■ WORK TO BE COMPLETED ■
Exact repetition is required: output every record in full.
--- TASK INPUT ---
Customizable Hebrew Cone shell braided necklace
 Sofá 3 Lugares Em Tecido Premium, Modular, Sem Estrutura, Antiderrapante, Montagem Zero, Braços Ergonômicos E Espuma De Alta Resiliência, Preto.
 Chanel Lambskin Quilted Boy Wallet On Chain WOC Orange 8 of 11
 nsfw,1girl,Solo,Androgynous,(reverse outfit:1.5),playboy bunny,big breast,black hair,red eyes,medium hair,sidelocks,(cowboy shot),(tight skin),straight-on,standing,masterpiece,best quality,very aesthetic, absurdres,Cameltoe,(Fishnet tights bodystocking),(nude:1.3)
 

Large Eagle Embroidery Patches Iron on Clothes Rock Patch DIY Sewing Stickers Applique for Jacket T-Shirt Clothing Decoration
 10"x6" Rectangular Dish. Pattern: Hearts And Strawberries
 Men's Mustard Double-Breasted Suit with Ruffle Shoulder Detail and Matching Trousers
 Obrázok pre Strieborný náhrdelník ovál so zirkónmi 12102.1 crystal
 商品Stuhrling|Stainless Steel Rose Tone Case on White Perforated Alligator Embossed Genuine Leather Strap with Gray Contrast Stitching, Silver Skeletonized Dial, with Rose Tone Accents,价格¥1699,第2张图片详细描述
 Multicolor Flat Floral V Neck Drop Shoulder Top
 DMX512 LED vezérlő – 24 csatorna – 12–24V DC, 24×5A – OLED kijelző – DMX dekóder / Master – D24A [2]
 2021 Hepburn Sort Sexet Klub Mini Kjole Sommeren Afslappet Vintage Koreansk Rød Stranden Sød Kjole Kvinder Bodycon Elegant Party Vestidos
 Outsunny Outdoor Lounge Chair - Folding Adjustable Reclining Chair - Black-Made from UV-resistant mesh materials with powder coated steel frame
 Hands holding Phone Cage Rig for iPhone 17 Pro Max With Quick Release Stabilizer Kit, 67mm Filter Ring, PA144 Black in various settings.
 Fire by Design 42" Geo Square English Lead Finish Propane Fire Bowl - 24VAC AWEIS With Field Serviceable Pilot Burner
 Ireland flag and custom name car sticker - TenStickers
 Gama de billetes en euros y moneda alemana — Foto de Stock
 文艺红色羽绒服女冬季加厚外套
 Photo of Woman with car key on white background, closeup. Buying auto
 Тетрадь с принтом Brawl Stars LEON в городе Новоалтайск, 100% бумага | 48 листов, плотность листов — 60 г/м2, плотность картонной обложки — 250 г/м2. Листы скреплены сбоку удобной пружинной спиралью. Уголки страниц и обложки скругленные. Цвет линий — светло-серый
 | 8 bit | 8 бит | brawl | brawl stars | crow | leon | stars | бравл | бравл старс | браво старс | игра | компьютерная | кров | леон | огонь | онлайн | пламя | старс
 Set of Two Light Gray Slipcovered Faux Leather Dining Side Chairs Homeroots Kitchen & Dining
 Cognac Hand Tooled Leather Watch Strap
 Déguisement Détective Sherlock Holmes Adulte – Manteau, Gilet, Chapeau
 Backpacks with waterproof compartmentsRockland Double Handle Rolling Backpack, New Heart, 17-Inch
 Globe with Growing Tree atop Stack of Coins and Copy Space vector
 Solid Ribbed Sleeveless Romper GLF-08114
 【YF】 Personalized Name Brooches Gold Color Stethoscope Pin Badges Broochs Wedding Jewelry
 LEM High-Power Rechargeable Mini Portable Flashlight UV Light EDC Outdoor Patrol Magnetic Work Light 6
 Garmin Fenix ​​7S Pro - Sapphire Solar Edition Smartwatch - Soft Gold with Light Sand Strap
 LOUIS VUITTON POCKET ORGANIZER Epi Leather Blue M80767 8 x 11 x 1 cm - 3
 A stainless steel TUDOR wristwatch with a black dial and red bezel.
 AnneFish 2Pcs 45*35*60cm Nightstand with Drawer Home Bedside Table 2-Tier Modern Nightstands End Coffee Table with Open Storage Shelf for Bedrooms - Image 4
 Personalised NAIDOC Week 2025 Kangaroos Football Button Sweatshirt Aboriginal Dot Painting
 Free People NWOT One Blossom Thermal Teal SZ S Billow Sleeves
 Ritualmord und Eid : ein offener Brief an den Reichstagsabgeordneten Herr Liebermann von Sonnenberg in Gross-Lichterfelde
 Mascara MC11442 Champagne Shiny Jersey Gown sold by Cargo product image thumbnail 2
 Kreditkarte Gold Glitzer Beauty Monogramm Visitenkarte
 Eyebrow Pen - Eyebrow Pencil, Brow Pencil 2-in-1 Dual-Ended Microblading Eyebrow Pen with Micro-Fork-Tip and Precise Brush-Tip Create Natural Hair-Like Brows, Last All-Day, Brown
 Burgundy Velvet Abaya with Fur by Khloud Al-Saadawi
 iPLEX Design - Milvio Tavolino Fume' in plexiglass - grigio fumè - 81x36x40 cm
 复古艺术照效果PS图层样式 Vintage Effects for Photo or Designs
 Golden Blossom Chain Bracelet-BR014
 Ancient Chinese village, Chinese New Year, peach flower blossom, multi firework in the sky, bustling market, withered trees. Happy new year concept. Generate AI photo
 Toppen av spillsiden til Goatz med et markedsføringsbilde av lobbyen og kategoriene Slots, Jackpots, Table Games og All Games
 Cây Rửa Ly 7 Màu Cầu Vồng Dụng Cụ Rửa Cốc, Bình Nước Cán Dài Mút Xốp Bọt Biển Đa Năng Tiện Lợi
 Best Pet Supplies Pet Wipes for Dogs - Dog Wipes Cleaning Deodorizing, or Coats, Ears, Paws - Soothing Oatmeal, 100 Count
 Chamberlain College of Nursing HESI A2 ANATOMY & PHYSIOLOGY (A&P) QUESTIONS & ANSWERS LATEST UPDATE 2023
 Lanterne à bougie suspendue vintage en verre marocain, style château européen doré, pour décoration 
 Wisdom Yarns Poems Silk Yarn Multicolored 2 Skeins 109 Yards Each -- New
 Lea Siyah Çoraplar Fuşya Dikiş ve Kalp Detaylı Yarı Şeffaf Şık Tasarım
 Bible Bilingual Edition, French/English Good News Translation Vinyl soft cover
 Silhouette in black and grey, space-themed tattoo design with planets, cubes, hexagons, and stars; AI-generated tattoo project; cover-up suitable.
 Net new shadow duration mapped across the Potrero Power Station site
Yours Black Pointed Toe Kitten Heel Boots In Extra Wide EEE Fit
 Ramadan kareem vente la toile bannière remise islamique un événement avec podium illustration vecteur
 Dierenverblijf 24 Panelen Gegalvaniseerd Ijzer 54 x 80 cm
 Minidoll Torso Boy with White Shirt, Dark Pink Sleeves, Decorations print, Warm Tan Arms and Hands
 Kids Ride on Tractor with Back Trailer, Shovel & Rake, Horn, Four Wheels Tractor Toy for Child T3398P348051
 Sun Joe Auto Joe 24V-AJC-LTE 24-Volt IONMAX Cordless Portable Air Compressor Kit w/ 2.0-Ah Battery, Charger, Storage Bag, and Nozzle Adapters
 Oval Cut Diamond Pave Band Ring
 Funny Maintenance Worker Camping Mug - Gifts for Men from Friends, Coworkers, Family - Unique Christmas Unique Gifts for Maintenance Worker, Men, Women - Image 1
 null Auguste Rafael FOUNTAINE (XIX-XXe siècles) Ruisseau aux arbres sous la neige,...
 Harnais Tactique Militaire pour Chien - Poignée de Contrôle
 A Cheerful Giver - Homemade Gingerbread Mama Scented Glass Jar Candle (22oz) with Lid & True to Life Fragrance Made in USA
---
■ RESPONSE BOX ■
Customizable Hebrew Cone shell braided necklace
 Sofá 3 Lugares Em Tecido Premium, Modular, Sem Estrutura, Antiderrapante, Montagem Zero, Braços Ergonômicos E Espuma De Alta Resiliência, Preto.
 Chanel Lambskin Quilted Boy Wallet On Chain WOC Orange 8 of 11
 nsfw,1girl,Solo,Androgynous,(reverse outfit:1.5),playboy bunny,big breast,black hair,red eyes,medium hair,sidelocks,(cowboy shot),(tight skin),straight-on,standing,masterpiece,best quality,very aesthetic, absurdres,Cameltoe,(Fishnet tights bodystocking),(nude:1.3)
 

Large Eagle Embroidery Patches Iron on Clothes Rock Patch DIY Sewing Stickers Applique for Jacket T-Shirt Clothing Decoration
 10"x6" Rectangular Dish. Pattern: Hearts And Strawberries
 Men's Mustard Double-Breasted Suit with Ruffle Shoulder Detail and Matching Trousers
 Obrázok pre Strieborný náhrdelník ovál so zirkónmi 12102.1 crystal
 商品Stuhrling|Stainless Steel Rose Tone Case on White Perforated Alligator Embossed Genuine Leather Strap with Gray Contrast Stitching, Silver Skeletonized Dial, with Rose Tone Accents,价格¥1699,第2张图片详细描述
 Multicolor Flat Floral V Neck Drop Shoulder Top
 DMX512 LED vezérlő – 24 csatorna – 12–24V DC, 24×5A – OLED kijelző – DMX dekóder / Master – D24A [2]
 2021 Hepburn Sort Sexet Klub Mini Kjole Sommeren Afslappet Vintage Koreansk Rød Stranden Sød Kjole Kvinder Bodycon Elegant Party Vestidos
 Outsunny Outdoor Lounge Chair - Folding Adjustable Reclining Chair - Black-Made from UV-resistant mesh materials with powder coated steel frame
 Hands holding Phone Cage Rig for iPhone 17 Pro Max With Quick Release Stabilizer Kit, 67mm Filter Ring, PA144 Black in various settings.
 Fire by Design 42" Geo Square English Lead Finish Propane Fire Bowl - 24VAC AWEIS With Field Serviceable Pilot Burner
 Ireland flag and custom name car sticker - TenStickers
 Gama de billetes en euros y moneda alemana — Foto de Stock
 文艺红色羽绒服女冬季加厚外套
 Photo of Woman with car key on white background, closeup. Buying auto
 Тетрадь с принтом Brawl Stars LEON в городе Новоалтайск, 100% бумага | 48 листов, плотность листов — 60 г/м2, плотность картонной обложки — 250 г/м2. Листы скреплены сбоку удобной пружинной спиралью. Уголки страниц и обложки скругленные. Цвет линий — светло-серый
 | 8 bit | 8 бит | brawl | brawl stars | crow | leon | stars | бравл | бравл старс | браво старс | игра | компьютерная | кров | леон | огонь | онлайн | пламя | старс
 Set of Two Light Gray Slipcovered Faux Leather Dining Side Chairs Homeroots Kitchen & Dining
 Cognac Hand Tooled Leather Watch Strap
 Déguisement Détective Sherlock Holmes Adulte – Manteau, Gilet, Chapeau
 Backpacks with waterproof compartmentsRockland Double Handle Rolling Backpack, New Heart, 17-Inch
 Globe with Growing Tree atop Stack of Coins and Copy Space vector
 Solid Ribbed Sleeveless Romper GLF-08114
 【YF】 Personalized Name Brooches Gold Color Stethoscope Pin Badges Broochs Wedding Jewelry
 LEM High-Power Rechargeable Mini Portable Flashlight UV Light EDC Outdoor Patrol Magnetic Work Light 6
 Garmin Fenix ​​7S Pro - Sapphire Solar Edition Smartwatch - Soft Gold with Light Sand Strap
 LOUIS VUITTON POCKET ORGANIZER Epi Leather Blue M80767 8 x 11 x 1 cm - 3
 A stainless steel TUDOR wristwatch with a black dial and red bezel.
 AnneFish 2Pcs 45*35*60cm Nightstand with Drawer Home Bedside Table 2-Tier Modern Nightstands End Coffee Table with Open Storage Shelf for Bedrooms - Image 4
 Personalised NAIDOC Week 2025 Kangaroos Football Button Sweatshirt Aboriginal Dot Painting
 Free People NWOT One Blossom Thermal Teal SZ S Billow Sleeves
 Ritualmord und Eid : ein offener Brief an den Reichstagsabgeordneten Herr Liebermann von Sonnenberg in Gross-Lichterfelde
 Mascara MC11442 Champagne Shiny Jersey Gown sold by Cargo product image thumbnail 2
 Kreditkarte Gold Glitzer Beauty Monogramm Visitenkarte
 Eyebrow Pen - Eyebrow Pencil, Brow Pencil 2-in-1 Dual-Ended Microblading Eyebrow Pen with Micro-Fork-Tip and Precise Brush-Tip Create Natural Hair-Like Brows, Last All-Day, Brown
 Burgundy Velvet Abaya with Fur by Khloud Al-Saadawi
 iPLEX Design - Milvio Tavolino Fume' in plexiglass - grigio fumè - 81x36x40 cm
 复古艺术照效果PS图层样式 Vintage Effects for Photo or Designs
 Golden Blossom Chain Bracelet-BR014
 Ancient Chinese village, Chinese New Year, peach flower blossom, multi firework in the sky, bustling market, withered trees. Happy new year concept. Generate AI photo
 Toppen av spillsiden til Goatz med et markedsføringsbilde av lobbyen og kategoriene Slots, Jackpots, Table Games og All Games
 Cây Rửa Ly 7 Màu Cầu Vồng Dụng Cụ Rửa Cốc, Bình Nước Cán Dài Mút Xốp Bọt Biển Đa Năng Tiện Lợi
 Best Pet Supplies Pet Wipes for Dogs - Dog Wipes Cleaning Deodorizing, or Coats, Ears, Paws - Soothing Oatmeal, 100 Count
 Chamberlain College of Nursing HESI A2 ANATOMY & PHYSIOLOGY (A&P) QUESTIONS & ANSWERS LATEST UPDATE 2023
 Lanterne à bougie suspendue vintage en verre marocain, style château européen doré, pour décoration 
 Wisdom Yarns Poems Silk Yarn Multicolored 2 Skeins 109 Yards Each -- New
 Lea Siyah Çoraplar Fuşya Dikiş ve Kalp Detaylı Yarı Şeffaf Şık Tasarım
 Bible Bilingual Edition, French/English Good News Translation Vinyl soft cover
 Silhouette in black and grey, space-themed tattoo design with planets, cubes, hexagons, and stars; AI-generated tattoo project; cover-up suitable.
 Net new shadow duration mapped across the Potrero Power Station site
Yours Black Pointed Toe Kitten Heel Boots In Extra Wide EEE Fit
 Ramadan kareem vente la toile bannière remise islamique un événement avec podium illustration vecteur
 Dierenverblijf 24 Panelen Gegalvaniseerd Ijzer 54 x 80 cm
 Minidoll Torso Boy with White Shirt, Dark Pink Sleeves, Decorations print, Warm Tan Arms and Hands
 Kids Ride on Tractor with Back Trailer, Shovel & Rake, Horn, Four Wheels Tractor Toy for Child T3398P348051
 Sun Joe Auto Joe 24V-AJC-LTE 24-Volt IONMAX Cordless Portable Air Compressor Kit w/ 2.0-Ah Battery, Charger, Storage Bag, and Nozzle Adapters
 Oval Cut Diamond Pave Band Ring
 Funny Maintenance Worker Camping Mug - Gifts for Men from Friends, Coworkers, Family - Unique Christmas Unique Gifts for Maintenance Worker, Men, Women - Image 1
 null Auguste Rafael FOUNTAINE (XIX-XXe siècles) Ruisseau aux arbres sous la neige,...
 Harnais Tactique Militaire pour Chien - Poignée de Contrôle
 A Cheerful Giver - Homemade Gingerbread Mama Scented Glass Jar Candle (22oz) with Lid & True to Life Fragrance Made in USA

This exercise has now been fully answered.